**What to work on**
Output the data unchanged and complete, minus the images.

**Short web captions**

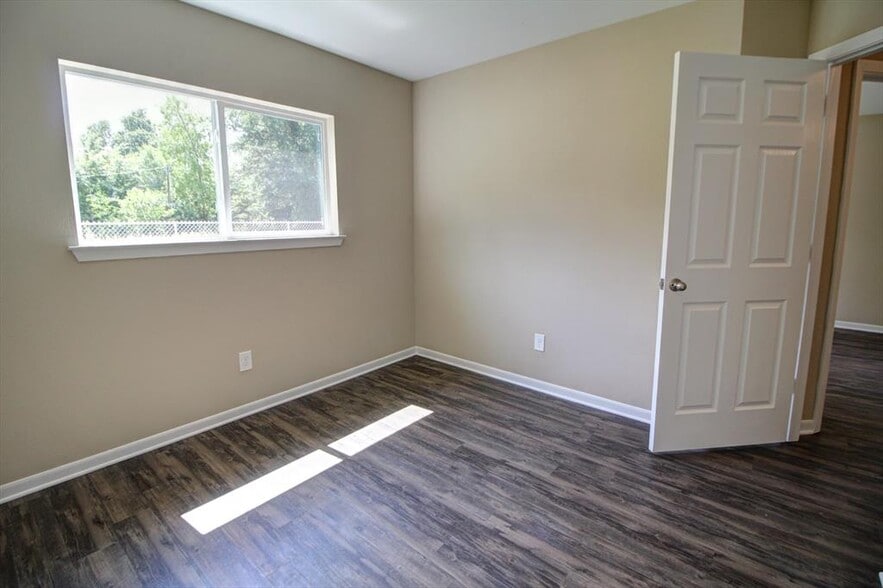 Building Photo - 5811 Cebra St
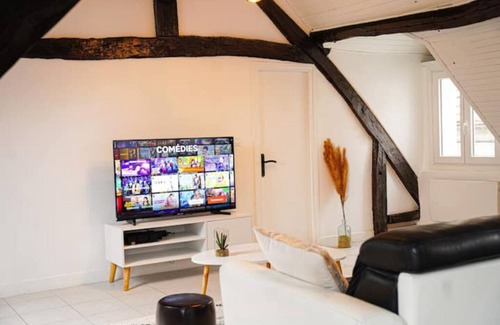 Cormeilles-en-Parisis Apartment | Chalet Lutétia, Spa & Confort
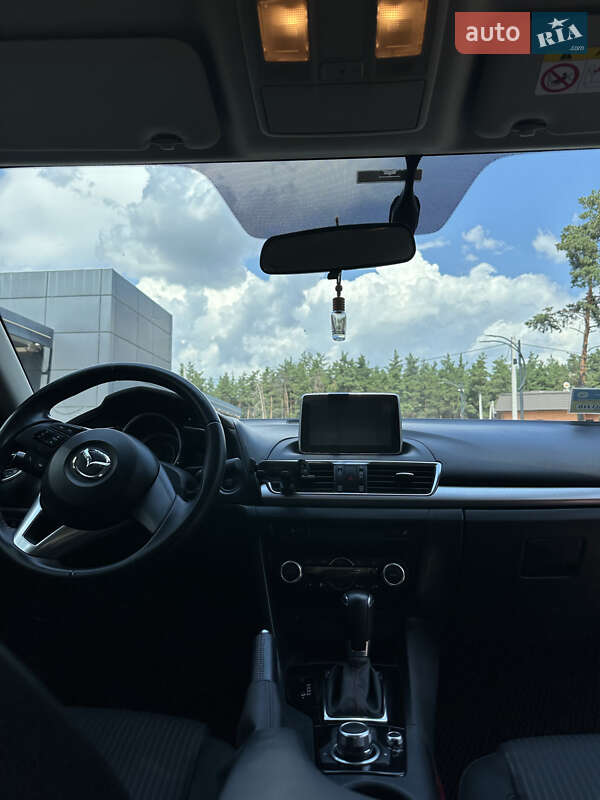 Седан Mazda 3 2015 в Киеве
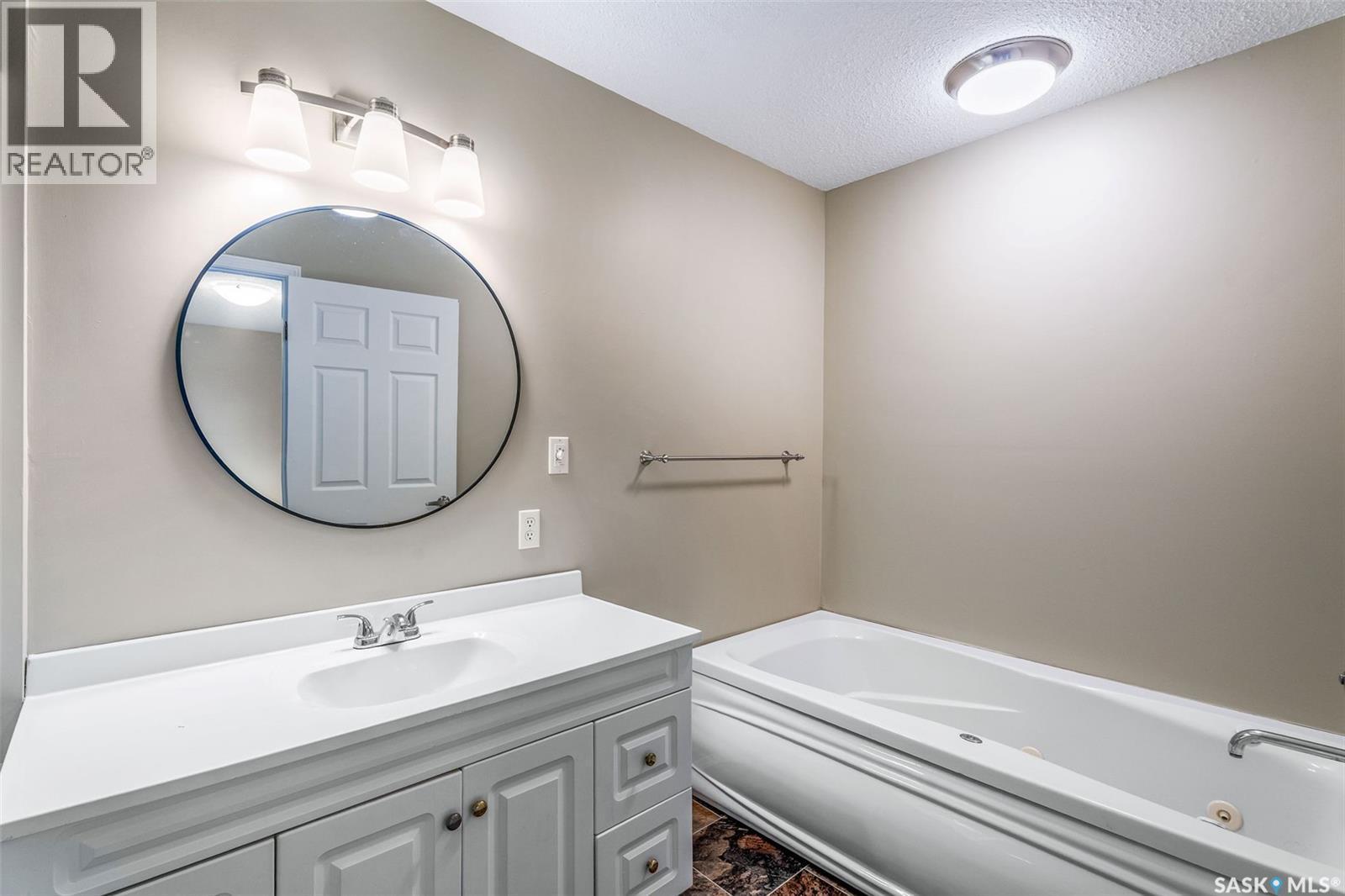 14 Poplar Drive, Birch Hills, SK - Indoor Photo Showing Bathroom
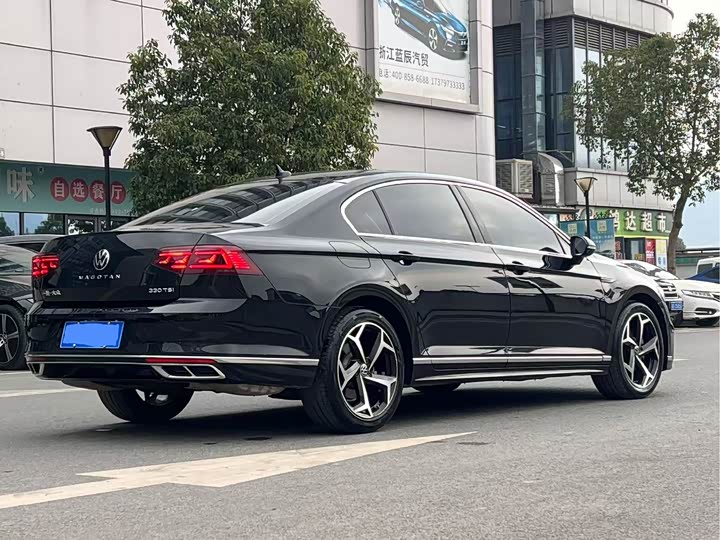 Фото 9 - Volkswagen Magotan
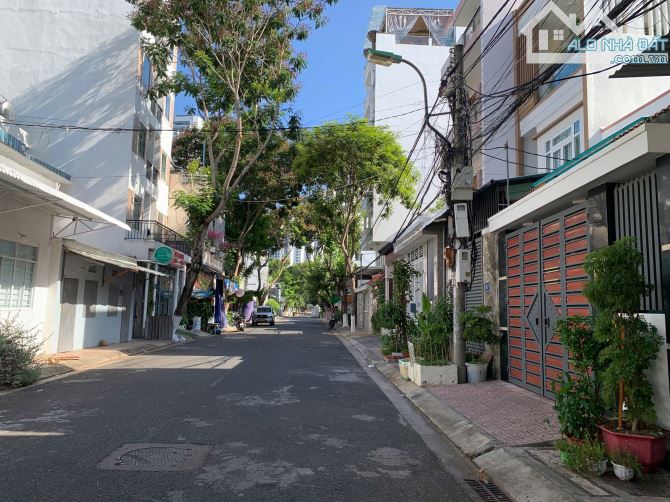 Lô đất đẹp vuông vắn đường nhựa 13m khu Ba Làng . Cách biển chỉ 300m - 2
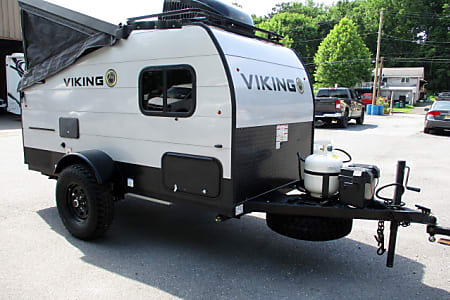 Folding trailer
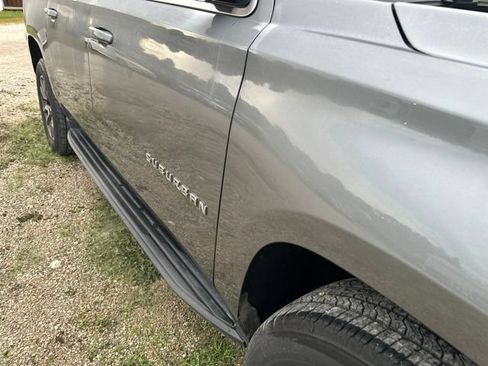 Used 2019 Chevrolet Suburban LT RWD image 8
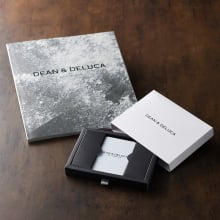 商品画像 DEAN & DELUCA（ディーン&デルーカ） ギフトカタログ CHARCOAL（チャコール）※カードタイプ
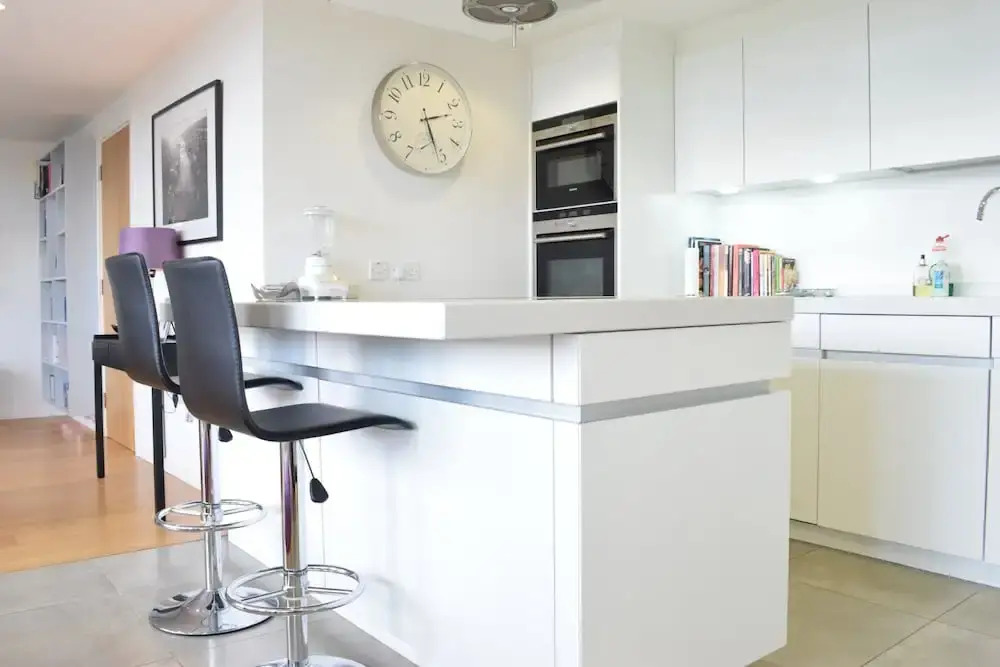 Spacious 2 Bedroom Penthouse in Islington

**Task output**
 Building Photo - 5811 Cebra St
 Cormeilles-en-Parisis Apartment | Chalet Lutétia, Spa & Confort
 Седан Mazda 3 2015 в Киеве
 14 Poplar Drive, Birch Hills, SK - Indoor Photo Showing Bathroom
 Фото 9 - Volkswagen Magotan
 Lô đất đẹp vuông vắn đường nhựa 13m khu Ba Làng . Cách biển chỉ 300m - 2
 Folding trailer
 Used 2019 Chevrolet Suburban LT RWD image 8
 商品画像 DEAN & DELUCA（ディーン&デルーカ） ギフトカタログ CHARCOAL（チャコール）※カードタイプ
 Spacious 2 Bedroom Penthouse in Islington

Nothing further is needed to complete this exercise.